▶ [INPUT DATA]
---

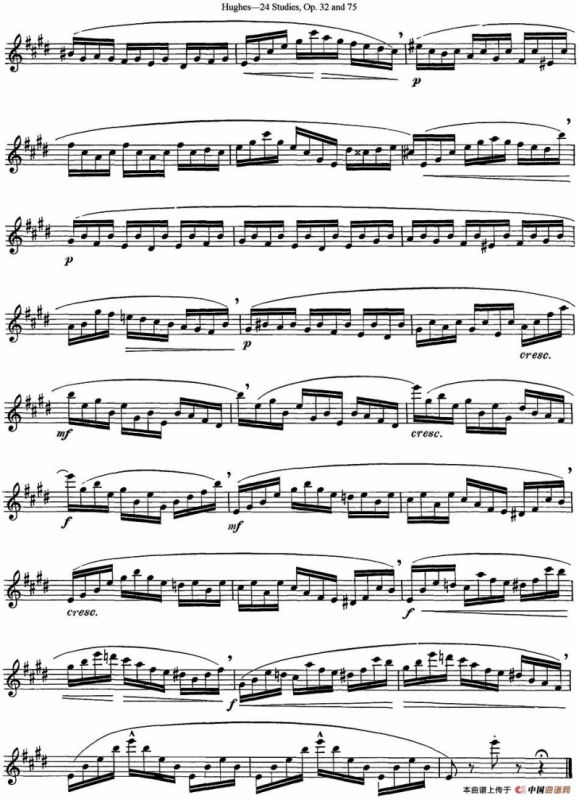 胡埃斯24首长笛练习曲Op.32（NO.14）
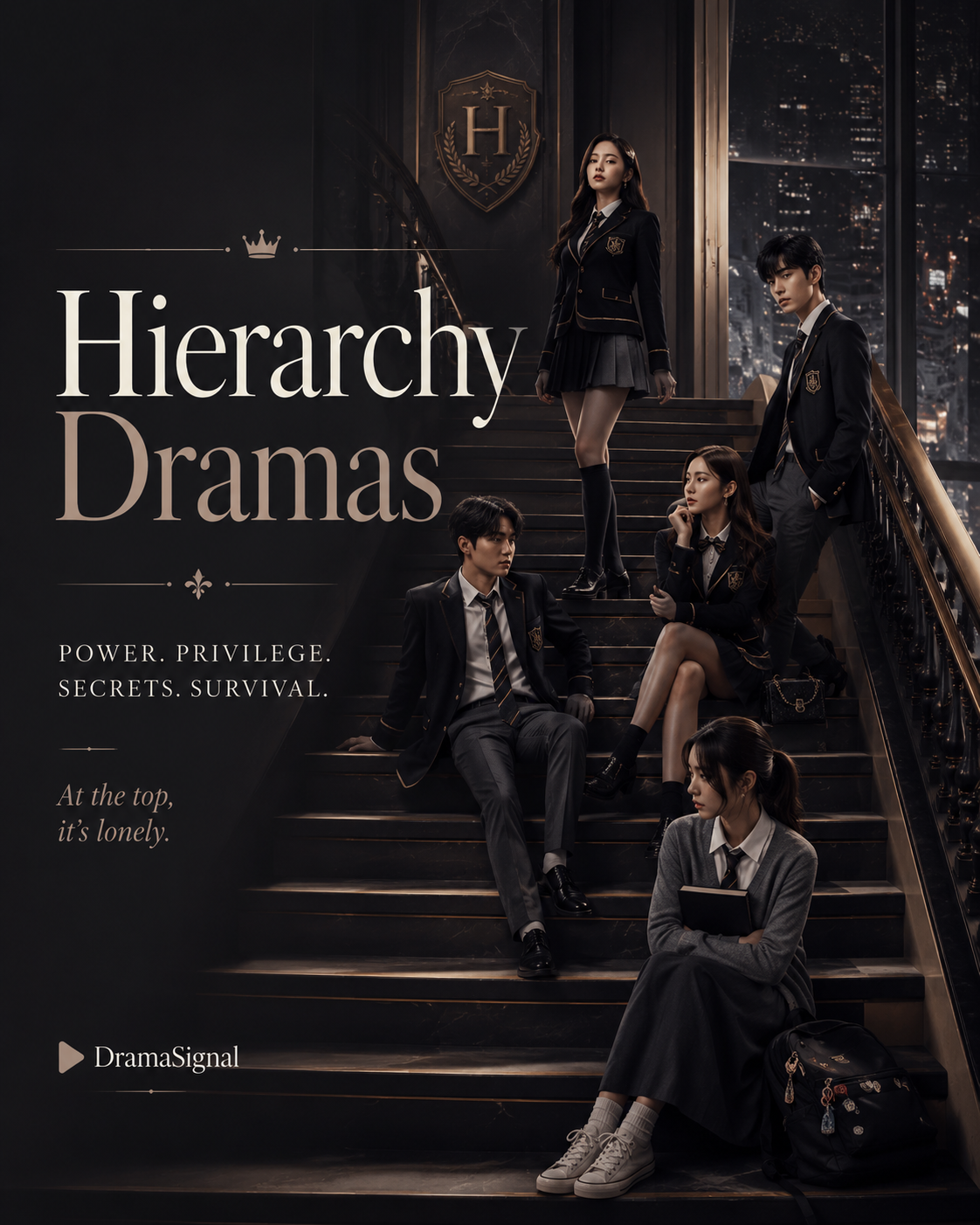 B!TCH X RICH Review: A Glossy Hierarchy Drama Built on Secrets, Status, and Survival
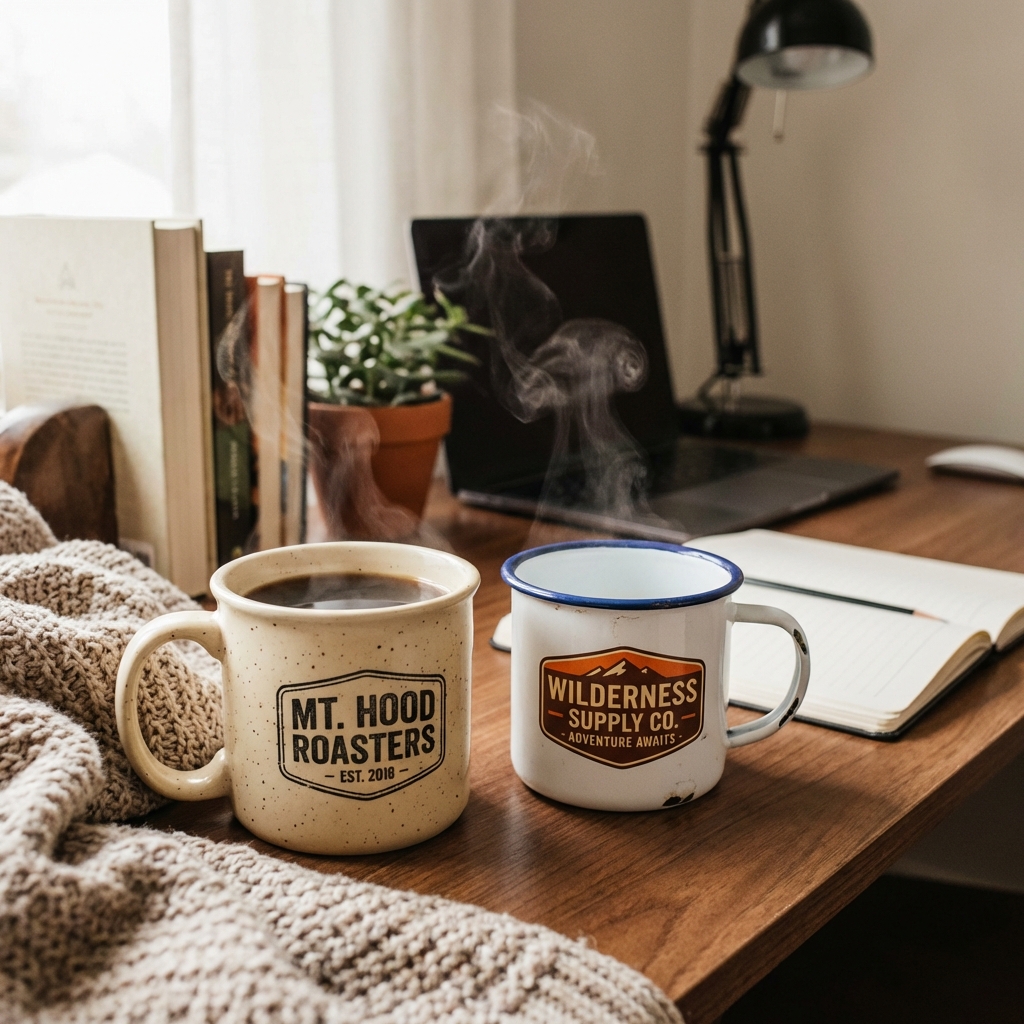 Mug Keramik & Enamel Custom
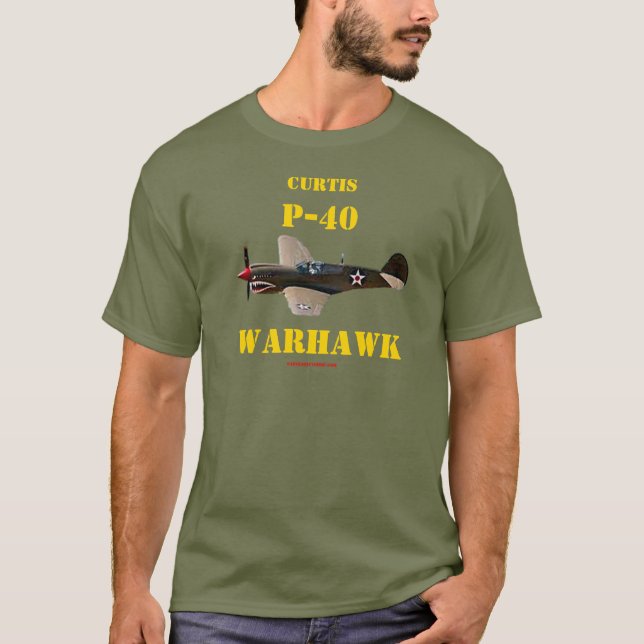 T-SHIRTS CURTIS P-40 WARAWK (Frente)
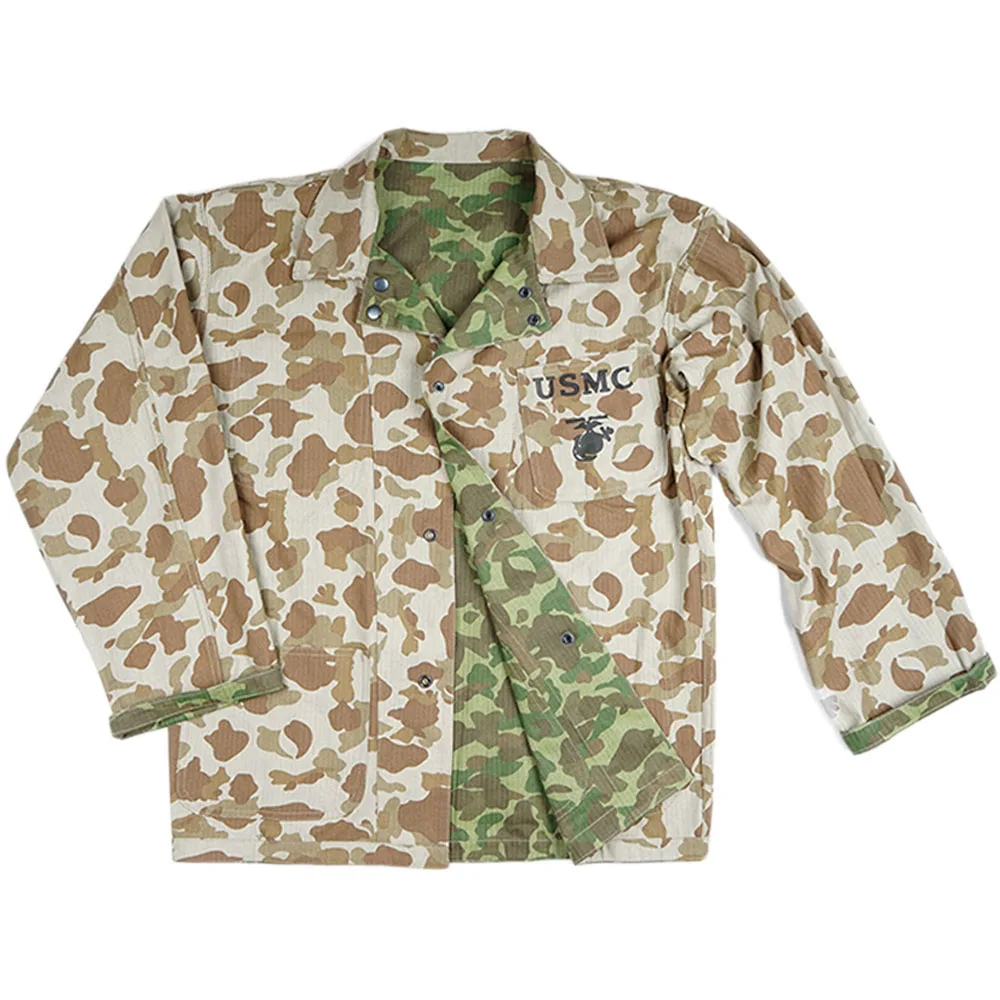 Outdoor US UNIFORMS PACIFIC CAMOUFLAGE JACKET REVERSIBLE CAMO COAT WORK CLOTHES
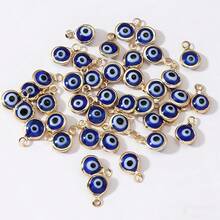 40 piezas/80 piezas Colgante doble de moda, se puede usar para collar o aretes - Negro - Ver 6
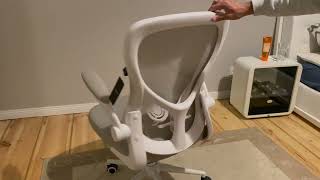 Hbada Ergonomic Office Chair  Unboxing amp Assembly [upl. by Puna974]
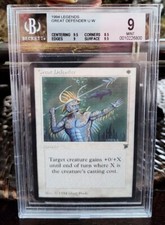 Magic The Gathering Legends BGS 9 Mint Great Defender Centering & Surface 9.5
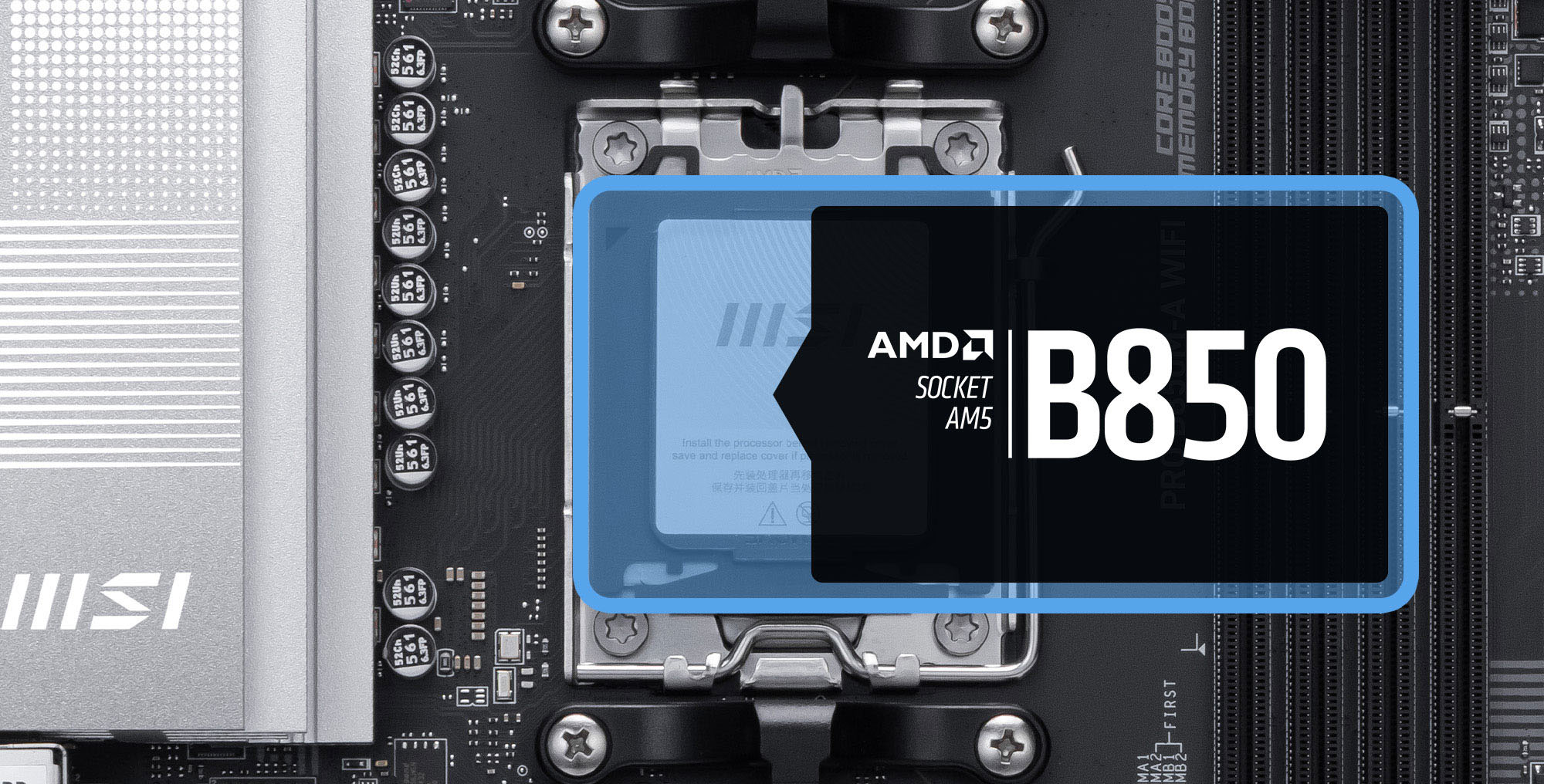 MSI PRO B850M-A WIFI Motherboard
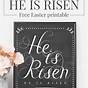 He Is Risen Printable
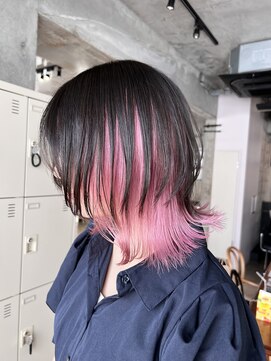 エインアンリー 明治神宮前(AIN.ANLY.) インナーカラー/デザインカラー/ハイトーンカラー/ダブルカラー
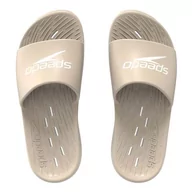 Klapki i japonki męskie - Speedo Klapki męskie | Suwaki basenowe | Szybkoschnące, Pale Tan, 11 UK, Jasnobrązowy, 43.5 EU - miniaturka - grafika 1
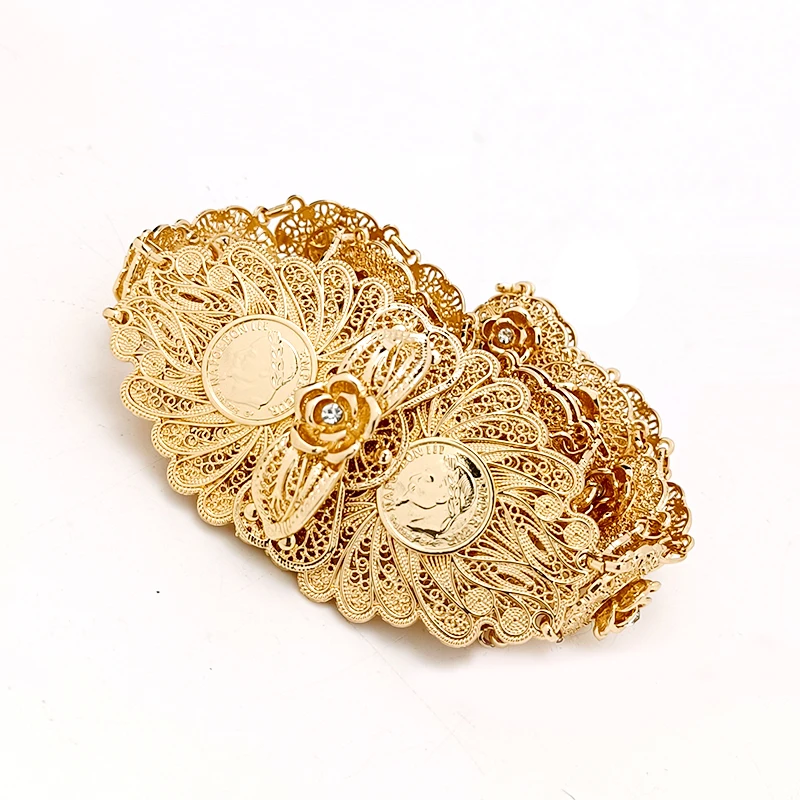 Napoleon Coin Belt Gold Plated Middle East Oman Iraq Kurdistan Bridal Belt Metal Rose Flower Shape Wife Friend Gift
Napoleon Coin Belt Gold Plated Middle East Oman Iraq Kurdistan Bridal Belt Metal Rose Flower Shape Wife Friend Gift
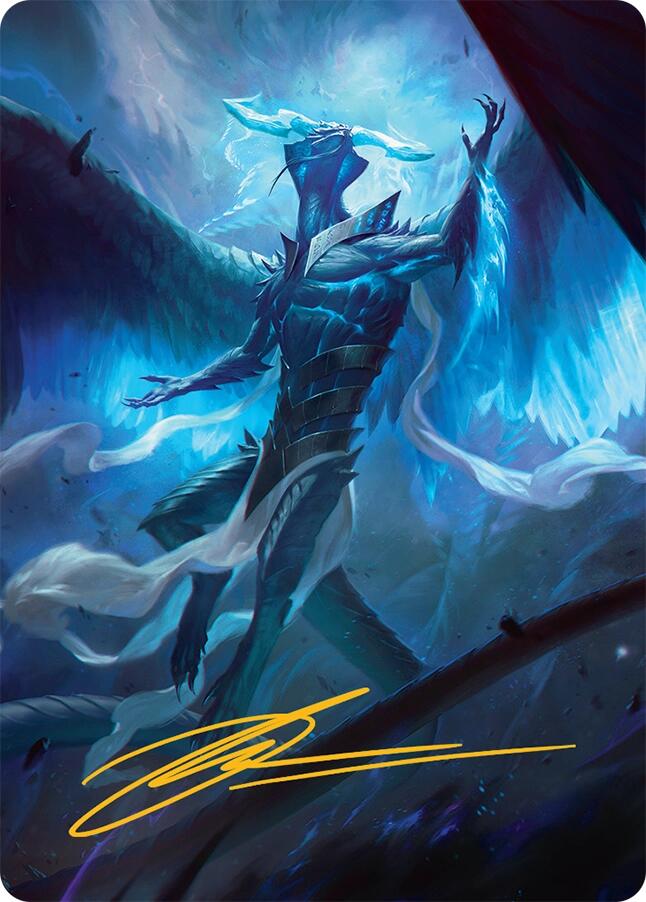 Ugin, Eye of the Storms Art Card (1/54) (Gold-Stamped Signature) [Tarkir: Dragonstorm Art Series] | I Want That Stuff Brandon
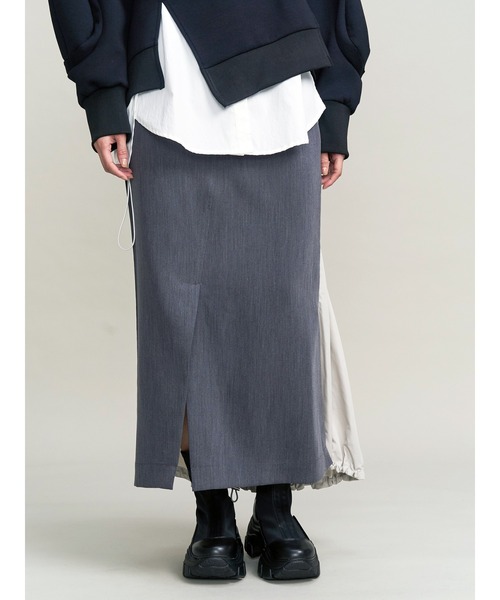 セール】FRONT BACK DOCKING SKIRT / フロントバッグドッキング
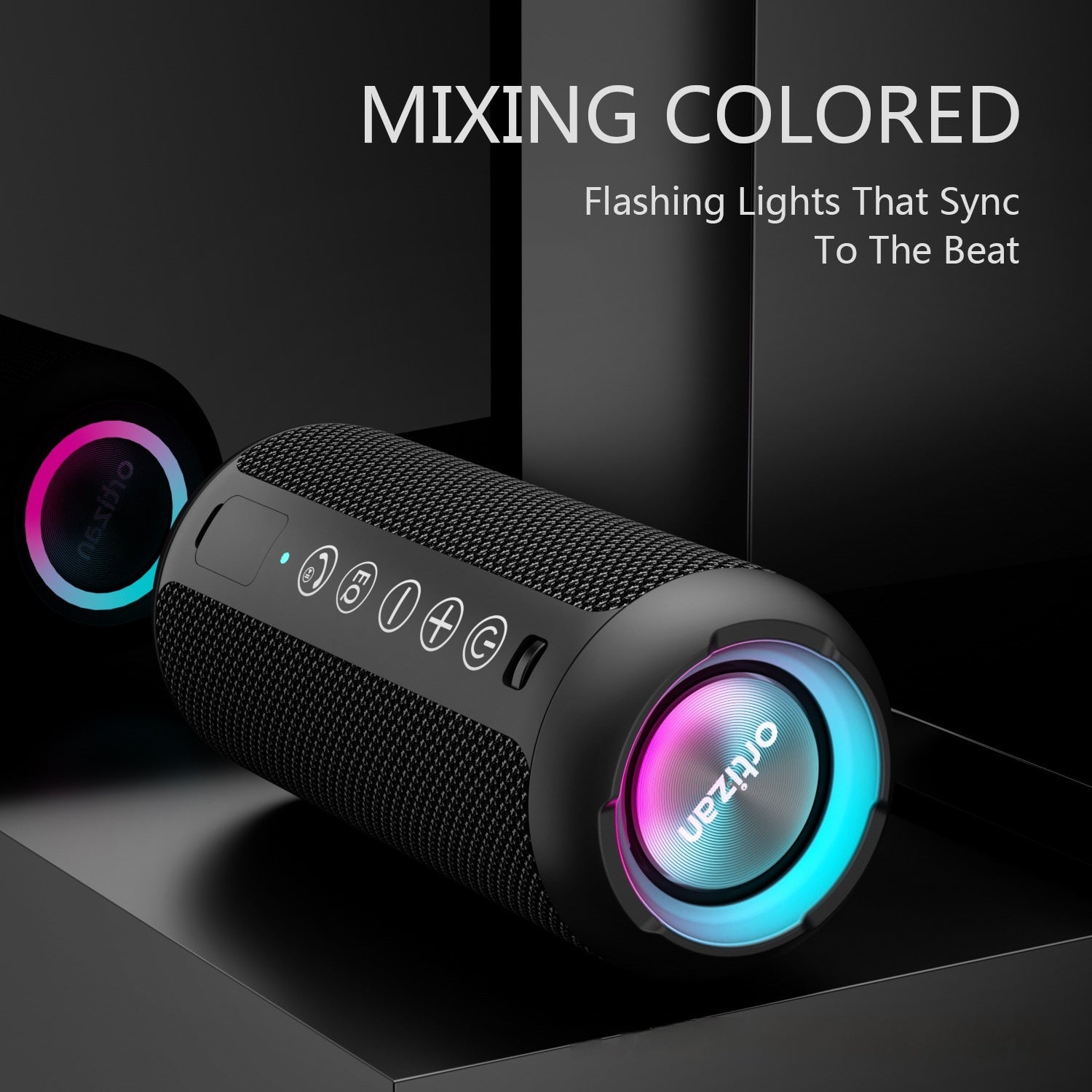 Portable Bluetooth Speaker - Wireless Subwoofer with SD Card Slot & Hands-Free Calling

---

▶ [EXERCISE PROMPT]
Excluding all pictures, print exactly and only the lines from the line with "Outdoor US UNIFORMS" through the end of the records above, both ends included.

▶ [OUTPUT]
 Outdoor US UNIFORMS PACIFIC CAMOUFLAGE JACKET REVERSIBLE CAMO COAT WORK CLOTHES
 40 piezas/80 piezas Colgante doble de moda, se puede usar para collar o aretes - Negro - Ver 6
 Hbada Ergonomic Office Chair  Unboxing amp Assembly [upl. by Puna974]
 Magic The Gathering Legends BGS 9 Mint Great Defender Centering & Surface 9.5
 MSI PRO B850M-A WIFI Motherboard
 He Is Risen Printable
 エインアンリー 明治神宮前(AIN.ANLY.) インナーカラー/デザインカラー/ハイトーンカラー/ダブルカラー
 Klapki i japonki męskie - Speedo Klapki męskie | Suwaki basenowe | Szybkoschnące, Pale Tan, 11 UK, Jasnobrązowy, 43.5 EU - miniaturka - grafika 1
 Napoleon Coin Belt Gold Plated Middle East Oman Iraq Kurdistan Bridal Belt Metal Rose Flower Shape Wife Friend Gift
Napoleon Coin Belt Gold Plated Middle East Oman Iraq Kurdistan Bridal Belt Metal Rose Flower Shape Wife Friend Gift
 Ugin, Eye of the Storms Art Card (1/54) (Gold-Stamped Signature) [Tarkir: Dragonstorm Art Series] | I Want That Stuff Brandon
 セール】FRONT BACK DOCKING SKIRT / フロントバッグドッキング
 Portable Bluetooth Speaker - Wireless Subwoofer with SD Card Slot & Hands-Free Calling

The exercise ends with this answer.